Additive manufacturing is one of the enabling technologies that not only allows for customization of products, but also simplifies the process of integrating the sensors in a seamless manner, e.g., by integrating the signal cables into the structure of the device. In this manuscript, we demonstrated the development of a wearable sensor designed for an upper arm interface. The application imposed specific requirements in terms of dimensions of the sensor, sensing range, and integration. The same method can be applied to develop sensorized interfaces for other body parts, such as the lower limbs or torso. In the case of the lower limbs, the interfaces are subjected to higher forces and, thus, a less compliant sensor design might be required. Perhaps a sensor that is more similar to the design shown in [20]. In other cases, even more compliant designs might be desired, for which materials, such as silicones, could provide more options in terms of stiffness.

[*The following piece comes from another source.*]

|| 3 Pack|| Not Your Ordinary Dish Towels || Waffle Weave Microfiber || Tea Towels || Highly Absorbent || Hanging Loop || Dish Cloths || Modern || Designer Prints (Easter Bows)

The proposed sensors capitalize on recent developments in additive manufacturing. They promote iterative and customized design, such as customized interfaces for exoskeletons [22], which are believed to be an important aspect in the field of exoskeletons.

5. Conclusions

A sensorized interface for wearable robot applications was developed. The sensors are 3D printed pressure sensor, which are based on parallel plate capacitors, using flexible and conductive filaments. The response of the sensor was accurately modelled in a pressure range of 0–25 kPa. The sum of the pressure sensor measurements can accurately predict the total force acting on human subjects, with a coefficient of determination of $90.97$% and a standard deviation of $4.1$ N for the experimented task. The sensor was calibrated with two different methods. First, the sensor is characterized in a test-bench that comprises an automated sensorized indenter. The sensor was assessed in terms of how the response of the sensor is affected by three different phenomena. The first one, adding foam on top of the sensor, to more uniformly distribute the loads, is shown to affect the response time and drift of the sensor. Secondly, the sensor’s response relative to the frequency of the load was shown to have minimal effects for a periodic lifting task. Thirdly, the inter-sensor variability test showed that it is possible to manufacture multiple sensors with sufficient tolerances to perform pressure measurements for exoskeletons. The human-in-the-loop calibration resulted in an accurate estimation by the pressure readings of the external force. In the future, the benefits of using the pressure sensor for high-level controllers will be assessed.